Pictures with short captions

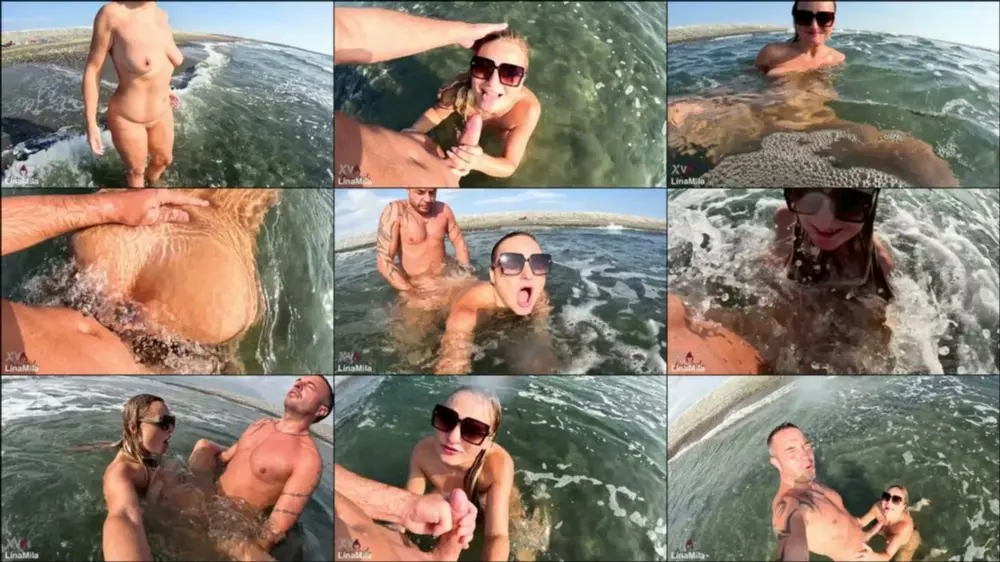 MyDirtyHobby — LinaMila — WILD OUTDOOR EXTREME — AMATEUR WELLENFICK ORGASMUS MITTEN IM MEER [FullHD 1080p]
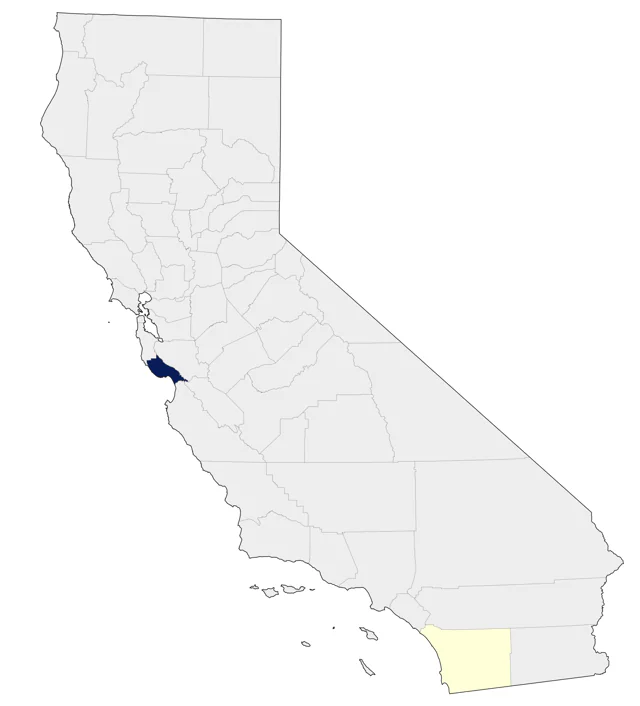 Eastern Whip-poor-will county map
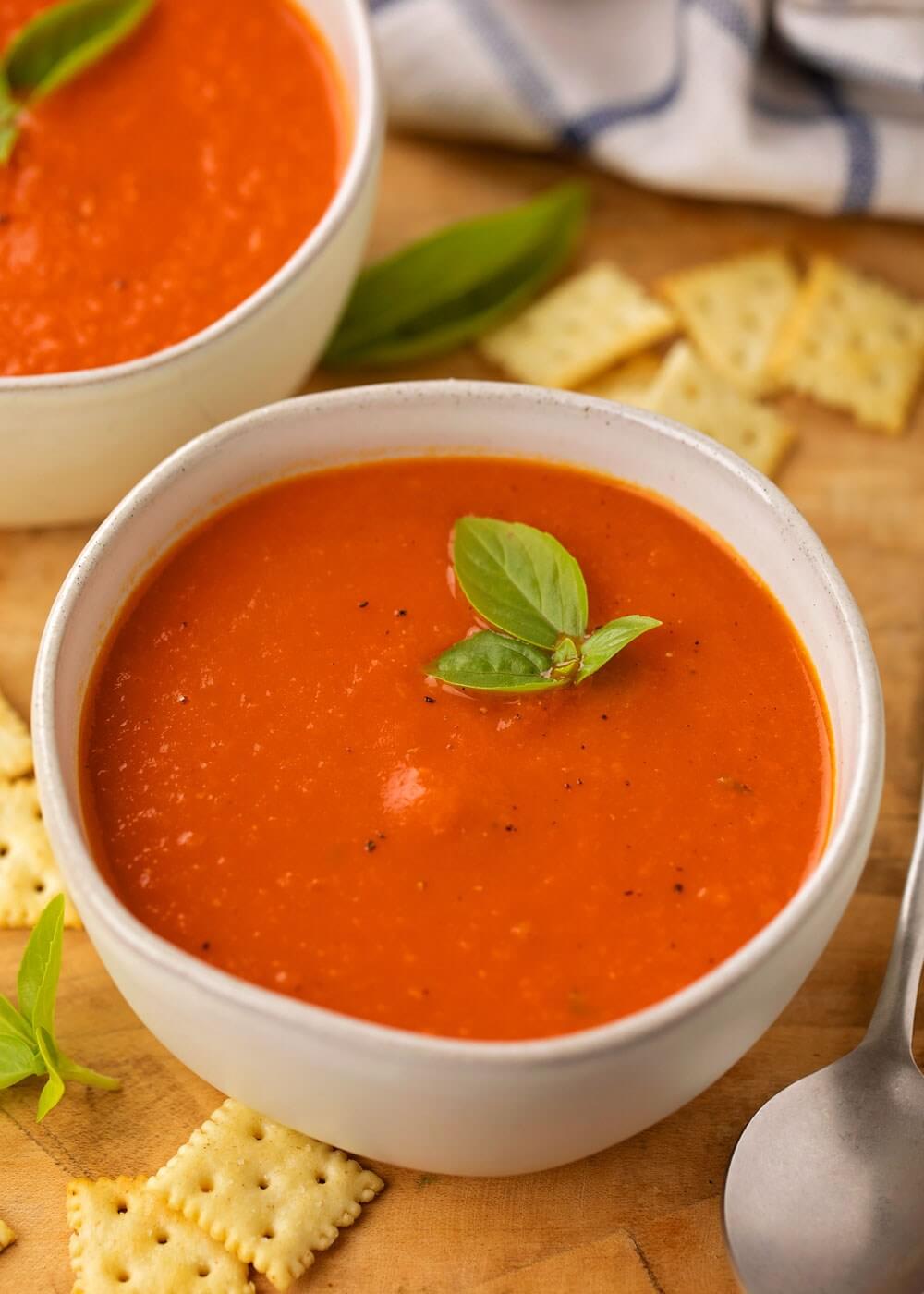Roasted Cherry Tomato Soup | Bounty & Soul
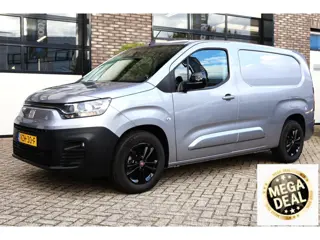 Fiat E-Doblò 50kWh 100Kw/136Pk L2 #4Seiz.banden#Trekhaak#Lm-wielen#Camera#Navi#Inrichting#Nieuw!#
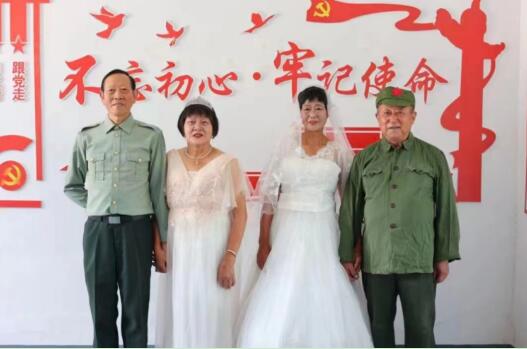 西埠村:紅色“七夕”不忘初心 攜手同行風雨與共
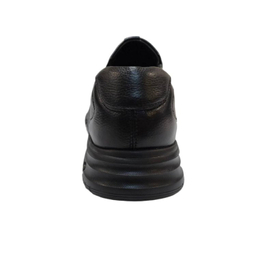 کفش طبی مردانه چرم ریباری مدل R77 رنگ مشکی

> **EXERCISE OBJECTIVE**
Type the entries above out again exactly, with no pictures.

> **REPLY**
 MyDirtyHobby — LinaMila — WILD OUTDOOR EXTREME — AMATEUR WELLENFICK ORGASMUS MITTEN IM MEER [FullHD 1080p]
 Eastern Whip-poor-will county map
Roasted Cherry Tomato Soup | Bounty & Soul
 Fiat E-Doblò 50kWh 100Kw/136Pk L2 #4Seiz.banden#Trekhaak#Lm-wielen#Camera#Navi#Inrichting#Nieuw!#
 西埠村:紅色“七夕”不忘初心 攜手同行風雨與共
 کفش طبی مردانه چرم ریباری مدل R77 رنگ مشکی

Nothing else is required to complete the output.